To the Editor:
Carl Cohen writes with his usual clarity, cogency, and wit in “Winks, Nods, Disguises—and Racial Preference” [September 2003], but he pays insufficient attention to two key features of the Supreme Court’s landmark affirmative-action ruling in Grutter v. Bollinger.
In Grutter, Justice Sandra Day O’Connor built her decision on the judgment that higher education is just better “when the students have the greatest possible variety of backgrounds.” Diversity makes classroom discussions “livelier, more spirited, and simply more enlightening and interesting,” she wrote. It also “promotes cross-racial understanding, helps to break down racial stereotypes, and enables students to better understand persons of different races.”

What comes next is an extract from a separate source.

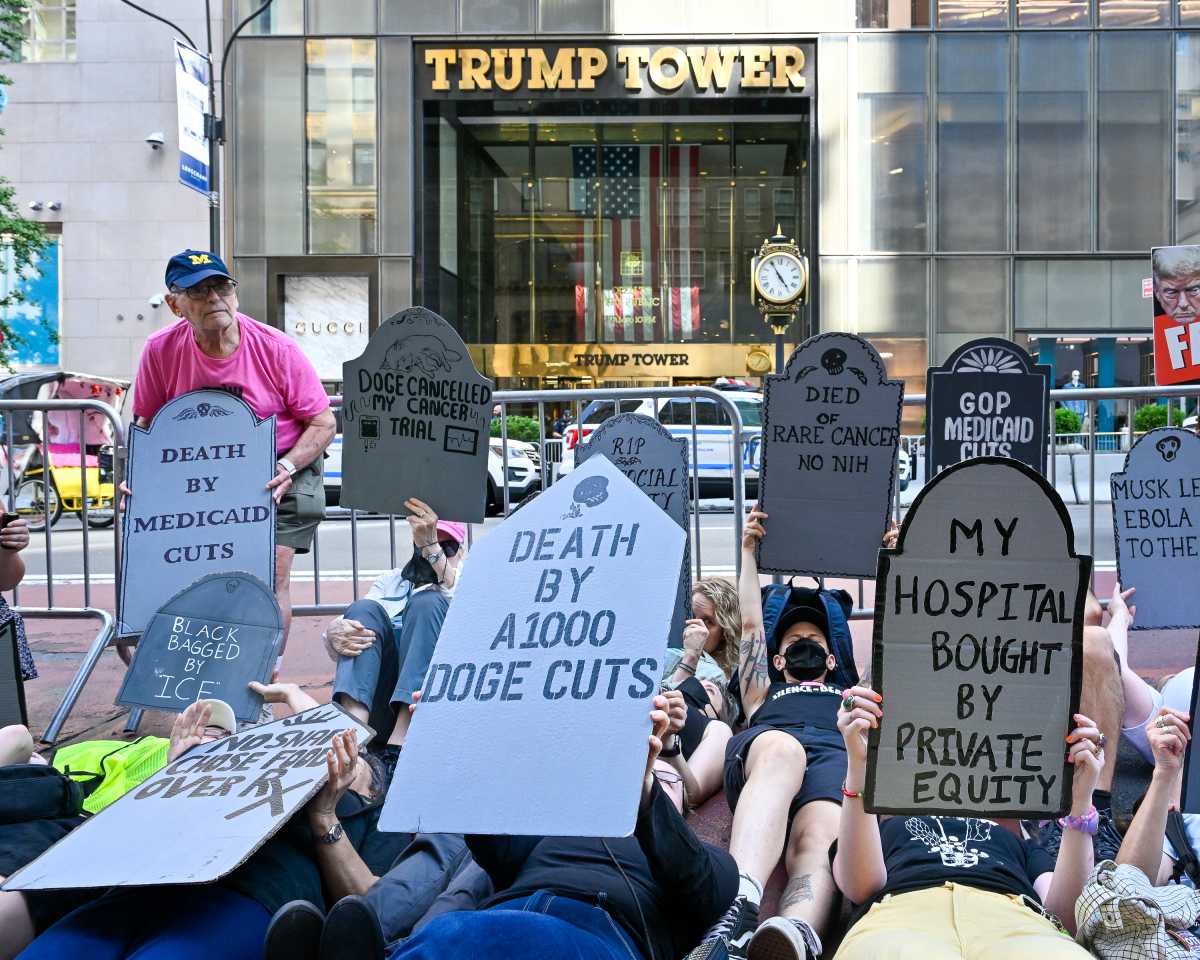 Protesters lying on ground holding up cardboard tombstones outside building titled Trump Tower
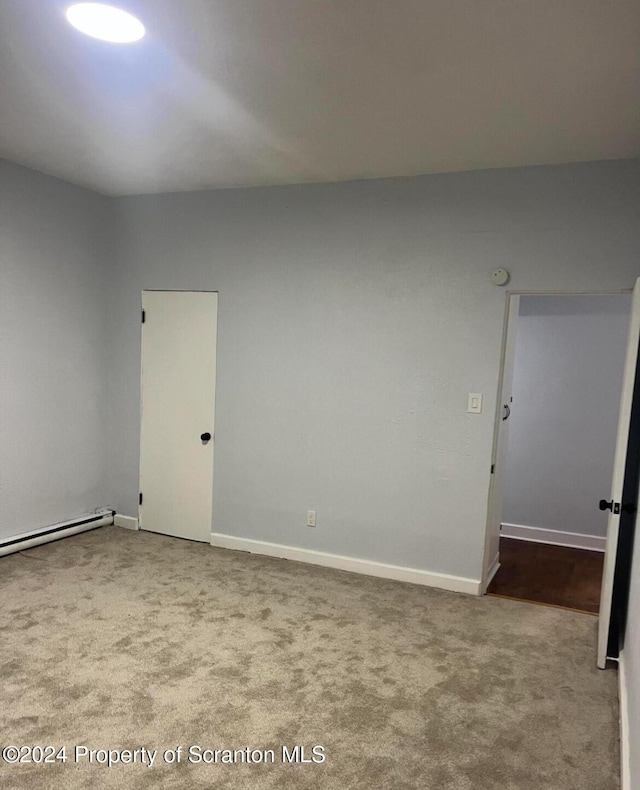 carpeted empty room featuring a baseboard radiator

As a professor for over 30 years, I understand this well. Most students take their own ideas as so obviously right that instructors regularly have to play “devil’s advocate” in order to push their thinking past the formulaic thrashing of straw men. A diverse student body works against overconfident narrow-mindedness far more effectively than anyone’s imaginings of what so-and-so would say if he or she were present. These kinds of challenging discussions are no loony-Left perversion; they are central to the mission of higher education.

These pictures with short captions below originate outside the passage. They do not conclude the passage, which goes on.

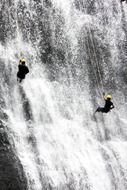 rock climbers on a high waterfall
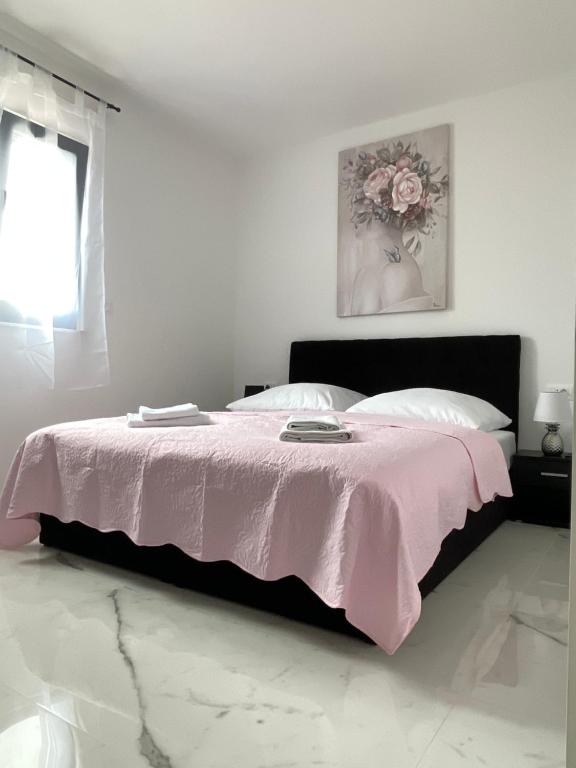 a bedroom with a bed with a pink blanket at Apartment Emanuel in Podstrana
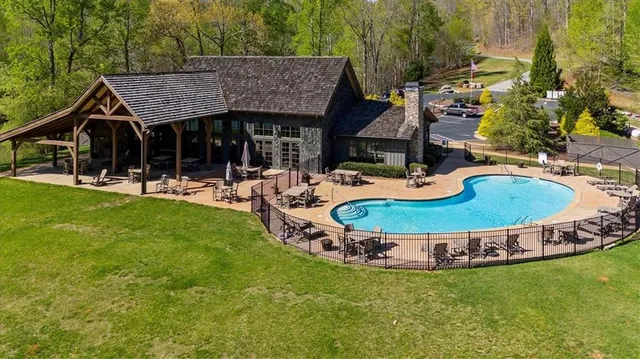 a view of a house with backyard and sitting area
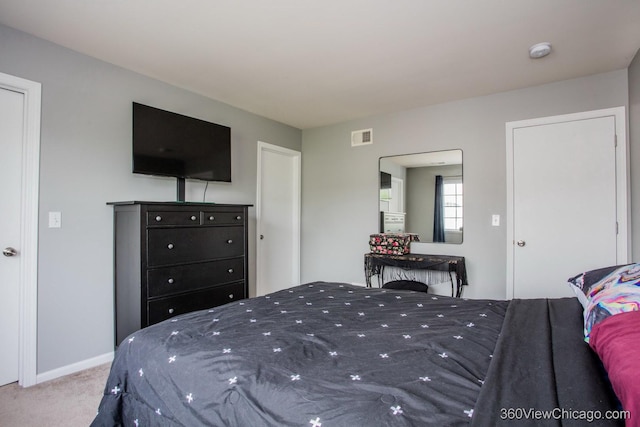 bedroom with carpet floors and baseboards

A better critique of Grutter is to argue that, in practice, nothing so beneficial will flow from racial preferences. This is so for several reasons: there are not nearly enough qualified African American, Latino, and Native American students to go around; many minority students self-segregate; and relatively few classes encourage the kind of student-to-student discussions identified by Justice O’Connor as being so beneficial. A Grutter-inspired admissions policy might yield its anticipated benefits in a highly selective law school or undergraduate humanities department, but it will not matter much in the engineering or computer-science departments, thus reducing the state’s “compelling interest” in classroom diversity.

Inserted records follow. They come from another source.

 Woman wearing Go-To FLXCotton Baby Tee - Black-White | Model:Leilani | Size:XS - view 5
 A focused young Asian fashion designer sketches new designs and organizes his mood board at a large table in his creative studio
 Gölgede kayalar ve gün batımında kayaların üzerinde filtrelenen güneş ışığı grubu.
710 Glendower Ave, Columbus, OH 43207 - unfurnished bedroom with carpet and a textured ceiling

Moreover, although Mr. Cohen has little good to say about Justice Ruth Bader Ginsburg’s arguments in these cases, she makes a powerful case for affirmative action by focusing on the bitter truth of historical and present-day racism. The treatment of minority Americans has been horrific, and the effects of exclusion and bigotry remain strong to this day. As Cornel West recently put it:
[E]very major institution in American society—churches, universities, courts, academies of science, governments, economies, newspapers, magazines, television, film, and others—attempted to exclude black people from the human family in the name of white supremacist ideology. This unrelenting assault on black humanity produced the fundamental condition of black culture—that of black invisibility and namelessness.
Since our nation is not “free from the vestiges of rank discrimination long reinforced by law,” Ginsburg argued, schools may use the generally suspect category of race to surmount both the legacy and the current reality of racism.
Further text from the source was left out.